SAN FRANCISCO - The Hearst Corp. completed its $660 million purchase of the rival San Francisco Chronicle on Friday and kept its promise to sell its venerable San Francisco Examiner to a local publisher of free newspapers.
Hearst announced the changes in ownership a day after U.S. District Court Judge Vaughn Walker ruled out antitrust questions in Hearst's purchase of the Chronicle.
The judge also said that nothing in the law requires Hearst to give the Examiner - or its promised subsidy of $66 million over three years - to publisher Ted Fang, who is closely allied with Mayor Willie Brown and other Democratic politicians in the city.
The judge's ruling removed the pressure Hearst was under for months to come up with an alternative to closing down the Examiner. Hearst's lawyers initially reacted to the ruling by declining to commit to completing the deal with Fang, but Hearst said late Friday it would keep its promise.
''We had a contract with the Chronicle and a contract with the Fangs. We just completed them,'' Hearst spokeswoman Debra Shriver said.

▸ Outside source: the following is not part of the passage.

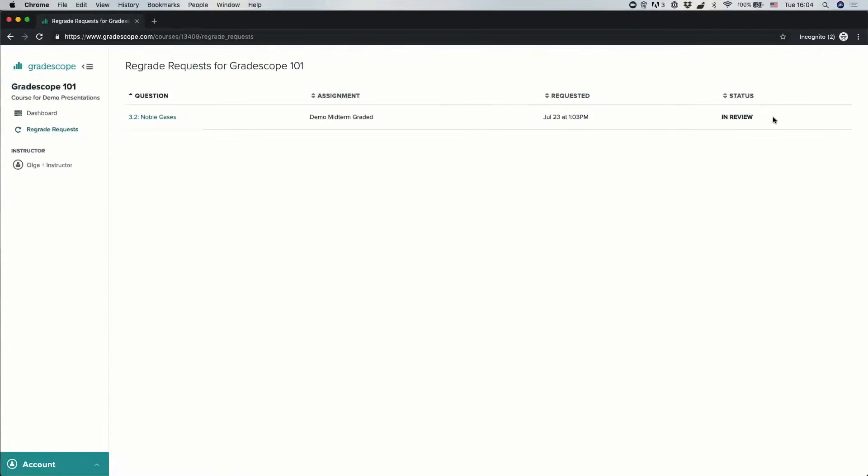Note that you can submit separate regrade requests for multiple questions on the assignment, and you can also submit a new regrade request for a closed question. Also note that the option to submit a regrade request may not be available for all assignments. That's determined by the instructor. And for some assignments, the instructor may also set a time window in between which students can submit regrade requests.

In a statement, Fang said his family was ''proud to be the first Asian American family ever to own a daily newspaper in a major metropolitan city.''
''The new Examiner will see a flowering of journalistic excellence, liveliness and excitement. Under our leadership, the new Examiner will reflect the ethnic and political diversity of our unique city,'' Fang said. The Fangs own the newspapers Asian Week and the Independent.
In his ruling Thursday, Walker sharply criticized the Department of Justice's antitrust division, saying it appeared to have been swayed by political ''cronyism'' during its investigation of the newspaper ownership transfers.
''These allegations are completely unfounded,'' DOJ spokeswoman Gina Talamona told The Associated Press on Friday. ''An experienced team of Department of Justice career attorneys and economists conducted a thorough investigation of this case.''
Local real estate millionaire Clint Reilly, who spent more than $1 million pursuing his private antitrust lawsuit seeking to block the deal, succeeded in airing his concerns that Hearst is gaining a newspaper monopoly during a non-jury trial in May.
But Walker ultimately rejected Reilly's claims and said Hearst's purchase of the Chronicle ''would not create a monopoly, substantially lessen competition or unreasonably restrain trade.''
Reilly said Friday he was giving up the fight.
''After conferring all day with my lawyers ... I have concluded that likelihood of success on appeal is uncertain,'' Reilly said in a statement. ''Moreover, it would be unfair to the public and journalists of our city to leave this matter unresolved for the indefinite future.''
The May trial was the first to challenge the dissolution of a joint operating agreement between newspapers in federal court.
During the trial, Tim White, the Examiner's publisher, shocked the courtroom when he revealed that at a lunch meeting in August 1999, weeks after the purchase of the Chronicle had been announced, he offered Brown favorable treatment in editorials if the mayor would support the deal. White later recanted the statements.
Walker said that ''the cronyism that fueled the Fang transaction at the local level exerted influence over the DOJ investigation.''
Hearst officials testified that they felt giving the paper to Fang was the only way it get government approval for abolishing the joint operating agreement under which the Chronicle and Examiner have split profits 50-50 since 1965 while maintaining a fierce editorial rivalry.
But Walker ruled that the Chronicle-Hearst accord could go forward even if the Examiner is closed, and that furthermore, the Examiner giveaway may itself ''constitute a violation of the antitrust laws.''
Experts said the ruling places Hearst in a difficult position.
''It's a very odd arrangement indeed,'' said Ben Bagdikian, author of ''The Media Monopoly'' and former dean of the University of California, Berkeley journalism school.
Bagdikian suggested that, by helping Fang keep a much smaller, local version of the Examiner afloat, Hearst will more easily fend off circulation gains by Knight Ridder's San Jose Mercury News, which began publishing a San Francisco edition this week.
''Hearst has to worry that Knight Ridder is coming into the city. The existence of the Fangs makes Knight Ridder's prospects slightly more troublesome,'' he said.
The drama began in August 1999, when Hearst announced its purchase of the Chronicle, the second-largest newspaper in California and 12th largest in the nation. At the time, Hearst said it would sell or close the Examiner, one of the largest remaining afternoon papers, after 120 years of Hearst ownership.
Hearst said its agents later contacted more than 80 prospective buyers and found no one willing to pay for the money-losing Examiner.
After months of civic pressure to keep the Examiner alive, Hearst agreed to pay Fang the subsidy as well as support the Examiner during a four-month transition period. The Fang deal won high praise from the Justice Department, which found no antitrust violations and approved the dissolution of the JOA.
But Reilly sued to stop the sale, contending the transaction was designed to fail quickly and leave San Francisco with only one newspaper after more than a century of competition.